(Scraped caption text data)
════════

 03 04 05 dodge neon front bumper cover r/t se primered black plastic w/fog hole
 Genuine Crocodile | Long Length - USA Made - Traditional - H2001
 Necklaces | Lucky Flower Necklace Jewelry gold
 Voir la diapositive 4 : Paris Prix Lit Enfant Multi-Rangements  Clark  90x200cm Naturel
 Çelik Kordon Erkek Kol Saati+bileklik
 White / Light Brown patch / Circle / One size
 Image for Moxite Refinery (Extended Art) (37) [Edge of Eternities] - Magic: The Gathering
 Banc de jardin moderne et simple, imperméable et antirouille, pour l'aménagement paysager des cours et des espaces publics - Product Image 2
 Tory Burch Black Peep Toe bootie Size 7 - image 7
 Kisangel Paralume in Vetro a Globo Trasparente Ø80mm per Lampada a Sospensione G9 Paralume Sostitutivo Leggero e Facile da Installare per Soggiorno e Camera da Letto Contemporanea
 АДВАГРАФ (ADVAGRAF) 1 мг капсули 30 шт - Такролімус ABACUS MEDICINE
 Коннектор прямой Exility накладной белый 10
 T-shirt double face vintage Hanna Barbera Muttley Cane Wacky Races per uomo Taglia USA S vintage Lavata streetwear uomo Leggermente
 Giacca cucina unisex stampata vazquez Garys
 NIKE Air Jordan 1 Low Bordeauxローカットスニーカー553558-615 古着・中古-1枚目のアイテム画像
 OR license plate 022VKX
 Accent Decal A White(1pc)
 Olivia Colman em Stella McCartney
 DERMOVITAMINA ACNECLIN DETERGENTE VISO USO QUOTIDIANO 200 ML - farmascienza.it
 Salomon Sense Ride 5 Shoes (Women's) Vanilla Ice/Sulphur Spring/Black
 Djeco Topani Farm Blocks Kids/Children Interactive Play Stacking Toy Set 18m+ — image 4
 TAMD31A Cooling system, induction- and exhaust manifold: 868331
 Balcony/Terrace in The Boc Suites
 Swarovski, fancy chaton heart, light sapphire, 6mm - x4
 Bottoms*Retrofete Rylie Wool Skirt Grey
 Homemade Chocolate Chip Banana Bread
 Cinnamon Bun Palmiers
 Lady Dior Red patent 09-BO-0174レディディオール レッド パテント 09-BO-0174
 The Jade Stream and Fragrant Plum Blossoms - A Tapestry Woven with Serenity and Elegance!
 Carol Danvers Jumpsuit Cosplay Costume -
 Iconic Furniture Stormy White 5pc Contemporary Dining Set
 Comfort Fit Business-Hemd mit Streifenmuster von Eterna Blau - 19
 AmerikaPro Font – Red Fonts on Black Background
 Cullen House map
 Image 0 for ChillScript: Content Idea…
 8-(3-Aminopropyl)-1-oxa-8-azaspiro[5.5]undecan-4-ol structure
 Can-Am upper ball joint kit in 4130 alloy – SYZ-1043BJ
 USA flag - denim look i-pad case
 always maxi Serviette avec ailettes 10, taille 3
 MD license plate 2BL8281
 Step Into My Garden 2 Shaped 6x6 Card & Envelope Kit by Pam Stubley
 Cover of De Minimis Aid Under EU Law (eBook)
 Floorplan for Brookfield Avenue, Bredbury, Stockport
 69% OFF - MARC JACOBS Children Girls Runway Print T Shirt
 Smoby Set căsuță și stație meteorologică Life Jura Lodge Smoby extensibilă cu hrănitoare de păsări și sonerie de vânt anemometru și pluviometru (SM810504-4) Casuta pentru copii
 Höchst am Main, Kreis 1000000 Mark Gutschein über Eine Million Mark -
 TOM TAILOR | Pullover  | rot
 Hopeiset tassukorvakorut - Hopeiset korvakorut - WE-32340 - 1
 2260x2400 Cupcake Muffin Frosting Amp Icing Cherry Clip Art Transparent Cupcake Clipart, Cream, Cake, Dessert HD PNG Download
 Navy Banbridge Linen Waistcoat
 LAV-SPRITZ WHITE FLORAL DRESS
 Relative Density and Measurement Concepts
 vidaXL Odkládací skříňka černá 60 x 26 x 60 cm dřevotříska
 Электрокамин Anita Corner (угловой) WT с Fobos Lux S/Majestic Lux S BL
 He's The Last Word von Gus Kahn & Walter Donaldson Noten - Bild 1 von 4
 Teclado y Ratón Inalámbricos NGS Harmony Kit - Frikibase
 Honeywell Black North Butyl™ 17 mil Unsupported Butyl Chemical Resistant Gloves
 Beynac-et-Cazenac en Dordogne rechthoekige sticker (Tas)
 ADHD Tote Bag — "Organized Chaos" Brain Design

════════

-- Directions for this task --
An exact transcription of all the records is needed.

-- Answer space --
 03 04 05 dodge neon front bumper cover r/t se primered black plastic w/fog hole
 Genuine Crocodile | Long Length - USA Made - Traditional - H2001
 Necklaces | Lucky Flower Necklace Jewelry gold
 Voir la diapositive 4 : Paris Prix Lit Enfant Multi-Rangements  Clark  90x200cm Naturel
 Çelik Kordon Erkek Kol Saati+bileklik
 White / Light Brown patch / Circle / One size
 Image for Moxite Refinery (Extended Art) (37) [Edge of Eternities] - Magic: The Gathering
 Banc de jardin moderne et simple, imperméable et antirouille, pour l'aménagement paysager des cours et des espaces publics - Product Image 2
 Tory Burch Black Peep Toe bootie Size 7 - image 7
 Kisangel Paralume in Vetro a Globo Trasparente Ø80mm per Lampada a Sospensione G9 Paralume Sostitutivo Leggero e Facile da Installare per Soggiorno e Camera da Letto Contemporanea
 АДВАГРАФ (ADVAGRAF) 1 мг капсули 30 шт - Такролімус ABACUS MEDICINE
 Коннектор прямой Exility накладной белый 10
 T-shirt double face vintage Hanna Barbera Muttley Cane Wacky Races per uomo Taglia USA S vintage Lavata streetwear uomo Leggermente
 Giacca cucina unisex stampata vazquez Garys
 NIKE Air Jordan 1 Low Bordeauxローカットスニーカー553558-615 古着・中古-1枚目のアイテム画像
 OR license plate 022VKX
 Accent Decal A White(1pc)
 Olivia Colman em Stella McCartney
 DERMOVITAMINA ACNECLIN DETERGENTE VISO USO QUOTIDIANO 200 ML - farmascienza.it
 Salomon Sense Ride 5 Shoes (Women's) Vanilla Ice/Sulphur Spring/Black
 Djeco Topani Farm Blocks Kids/Children Interactive Play Stacking Toy Set 18m+ — image 4
 TAMD31A Cooling system, induction- and exhaust manifold: 868331
 Balcony/Terrace in The Boc Suites
 Swarovski, fancy chaton heart, light sapphire, 6mm - x4
 Bottoms*Retrofete Rylie Wool Skirt Grey
 Homemade Chocolate Chip Banana Bread
 Cinnamon Bun Palmiers
 Lady Dior Red patent 09-BO-0174レディディオール レッド パテント 09-BO-0174
 The Jade Stream and Fragrant Plum Blossoms - A Tapestry Woven with Serenity and Elegance!
 Carol Danvers Jumpsuit Cosplay Costume -
 Iconic Furniture Stormy White 5pc Contemporary Dining Set
 Comfort Fit Business-Hemd mit Streifenmuster von Eterna Blau - 19
 AmerikaPro Font – Red Fonts on Black Background
 Cullen House map
 Image 0 for ChillScript: Content Idea…
 8-(3-Aminopropyl)-1-oxa-8-azaspiro[5.5]undecan-4-ol structure
 Can-Am upper ball joint kit in 4130 alloy – SYZ-1043BJ
 USA flag - denim look i-pad case
 always maxi Serviette avec ailettes 10, taille 3
 MD license plate 2BL8281
 Step Into My Garden 2 Shaped 6x6 Card & Envelope Kit by Pam Stubley
 Cover of De Minimis Aid Under EU Law (eBook)
 Floorplan for Brookfield Avenue, Bredbury, Stockport
 69% OFF - MARC JACOBS Children Girls Runway Print T Shirt
 Smoby Set căsuță și stație meteorologică Life Jura Lodge Smoby extensibilă cu hrănitoare de păsări și sonerie de vânt anemometru și pluviometru (SM810504-4) Casuta pentru copii
 Höchst am Main, Kreis 1000000 Mark Gutschein über Eine Million Mark -
 TOM TAILOR | Pullover  | rot
 Hopeiset tassukorvakorut - Hopeiset korvakorut - WE-32340 - 1
 2260x2400 Cupcake Muffin Frosting Amp Icing Cherry Clip Art Transparent Cupcake Clipart, Cream, Cake, Dessert HD PNG Download
 Navy Banbridge Linen Waistcoat
 LAV-SPRITZ WHITE FLORAL DRESS
 Relative Density and Measurement Concepts
 vidaXL Odkládací skříňka černá 60 x 26 x 60 cm dřevotříska
 Электрокамин Anita Corner (угловой) WT с Fobos Lux S/Majestic Lux S BL
 He's The Last Word von Gus Kahn & Walter Donaldson Noten - Bild 1 von 4
 Teclado y Ratón Inalámbricos NGS Harmony Kit - Frikibase
 Honeywell Black North Butyl™ 17 mil Unsupported Butyl Chemical Resistant Gloves
 Beynac-et-Cazenac en Dordogne rechthoekige sticker (Tas)
 ADHD Tote Bag — "Organized Chaos" Brain Design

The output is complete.